START DATA PROVIDED
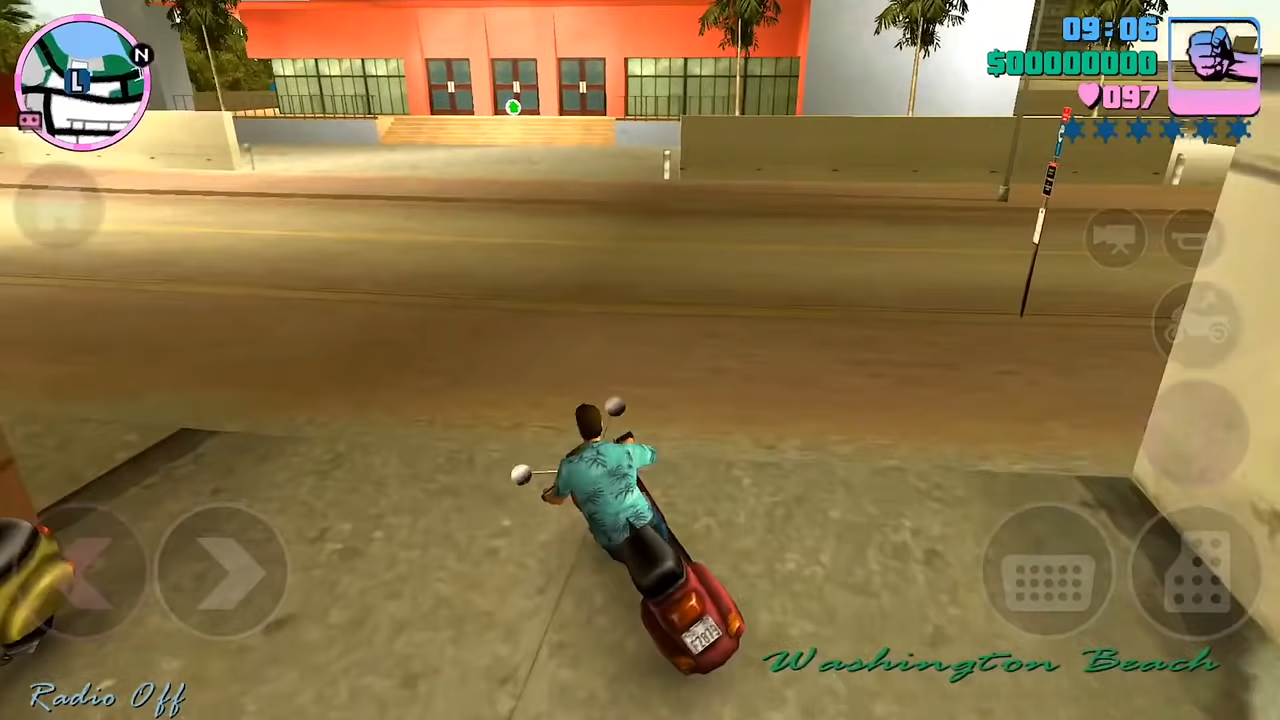 Game Background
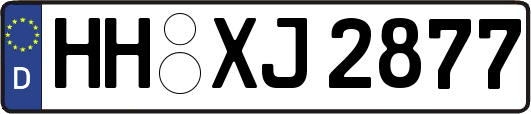 HH-XJ2877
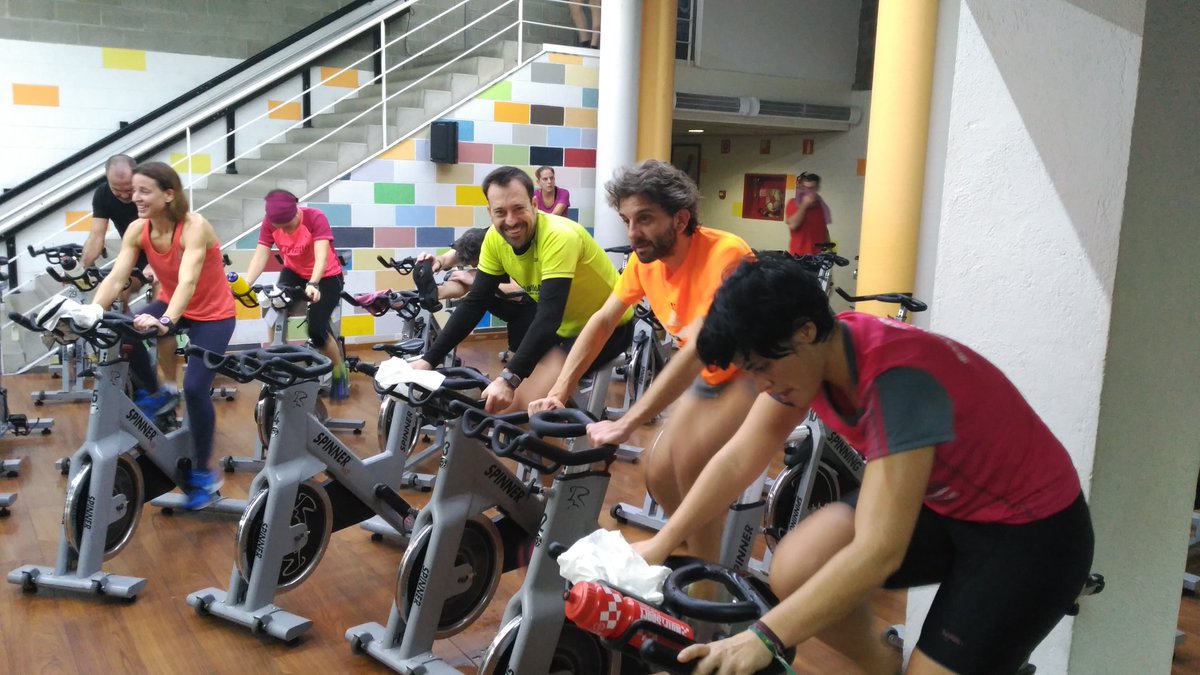 GregTrainner's tweet photo. Ellos ya saben los "trucos" para agilizar el tiempo el #duatlóATLES. El viernes en el briefing más (18:30). https://t.co/pqmfGgVIn3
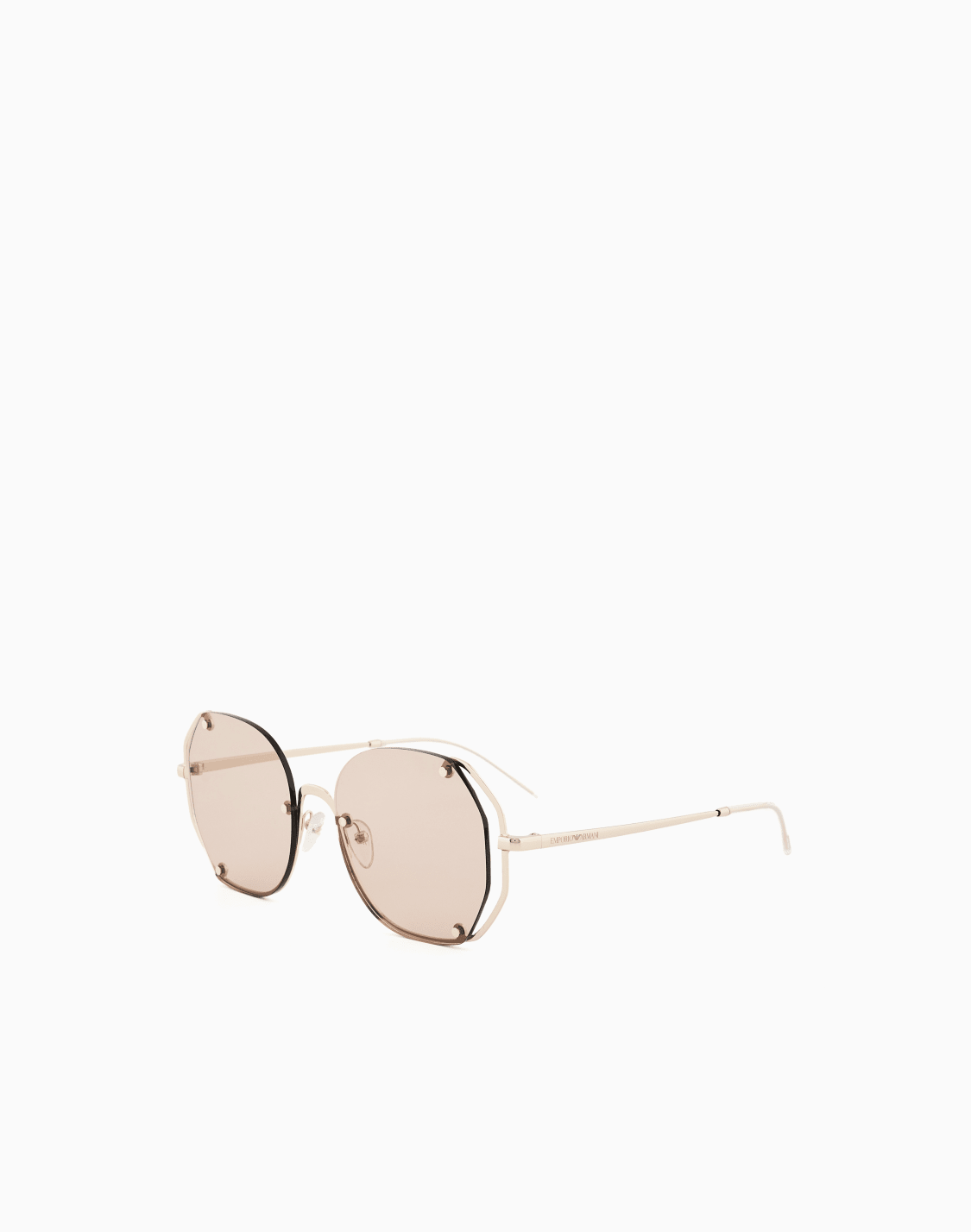 lunettes-de-soleil-pour-femme-forme-irrgulire-dor--emporio-armani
END DATA PROVIDED
## [ACTIVITY]
Output the listing above in full and exactly, with pictures excluded.

## [ANSWER SECTION]
 Game Background
 HH-XJ2877
 GregTrainner's tweet photo. Ellos ya saben los "trucos" para agilizar el tiempo el #duatlóATLES. El viernes en el briefing más (18:30). https://t.co/pqmfGgVIn3
 lunettes-de-soleil-pour-femme-forme-irrgulire-dor--emporio-armani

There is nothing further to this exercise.